Here, I must focus on a simple Biblical fact: Life is a gift from God. It’s not a right. It never was a right, and never will be a right. It is a gift.
Once you let that really sink in and saturate your theo—logic, then what follows is that we are not OWED more of it. We are not OWED a certain quantity of time or of life in this world. It simply isn’t true. And that leads to a further truth: it is not an injustice when someone dies young. It’s not a justice issue at all, since life is a gift, not some sort of ironclad right. God does not owe us a certain quotient of life. Indeed, he does not owe us life or birth at all. It’s a gift!
So, when I think about my sweet-pea Christy dying way before me, I must resist the temptation to think somehow THIS IS UNFAIR. No. It’s tragic, to be sure. It’s sad, shocking and horrible in many ways. But it’s not an injustice. If all of life is grace, then we have to think differently about this issue.
A wise person once said that justice is when you get what you deserve, mercy is when you don’t get what you deserve (in a negative sense), and grace is when you get undeserved blessing. Life falls into that third category, not the first or second ones.

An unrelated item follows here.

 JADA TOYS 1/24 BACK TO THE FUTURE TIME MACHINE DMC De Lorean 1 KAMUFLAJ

Jesus came that we might have life and have it abundantly, but its not because we DESERVE TO LIVE OR GO ON LIVING, it’s not because it’s owed to us. It’s a gracious blessing.

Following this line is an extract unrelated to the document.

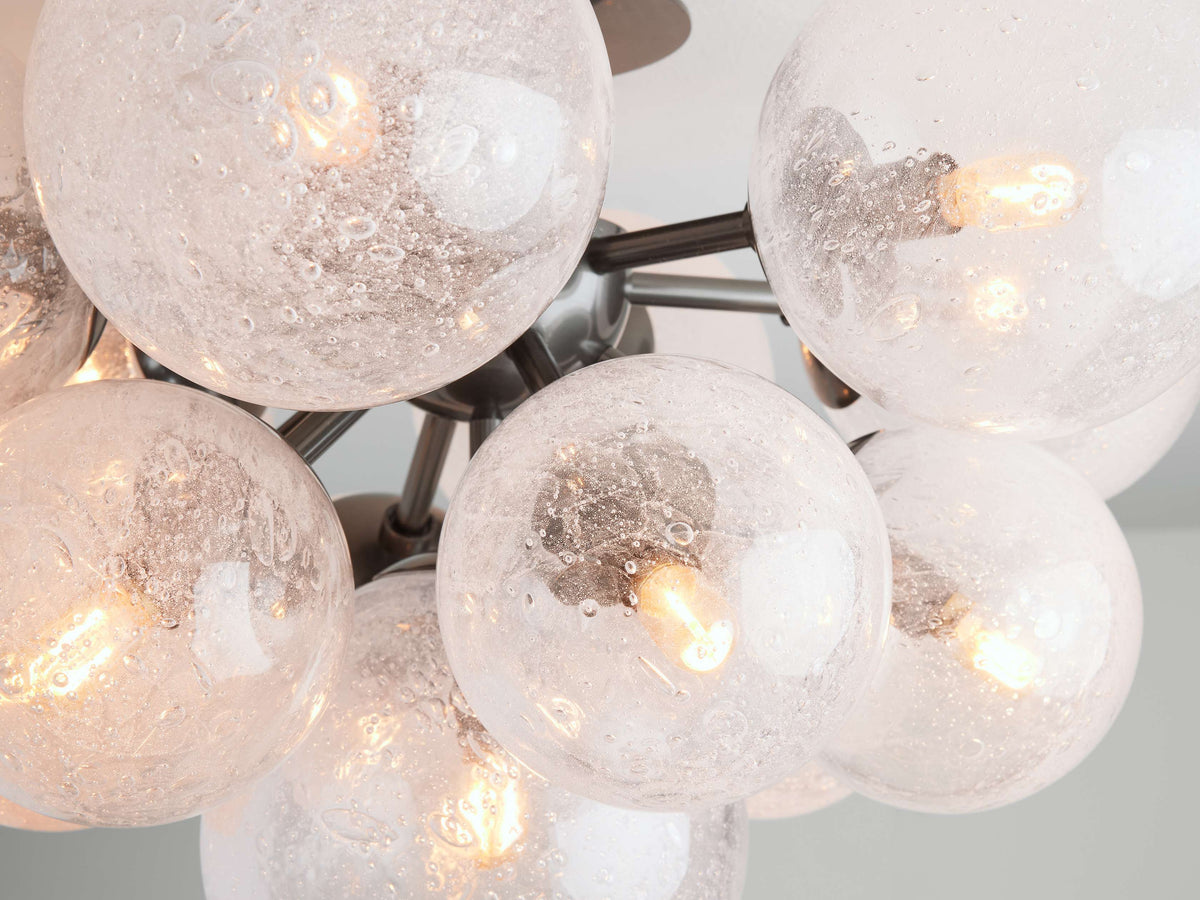 Mandoza Bubble Glass Flush Mount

And here’s the good news. God wants us to have it — and have it everlastingly. In the next post, I want to focus on the mystery of life and death. But in the meantime, have a look at the joy those three are having in the picture above. This is what God had in mind — life with joy abundant, not life with horrible pointless non-martyrological suffering and then death. To quote Jesus himself: Our God is a God of the Living, not a God of the Dead. Even the dead in Christ are still living!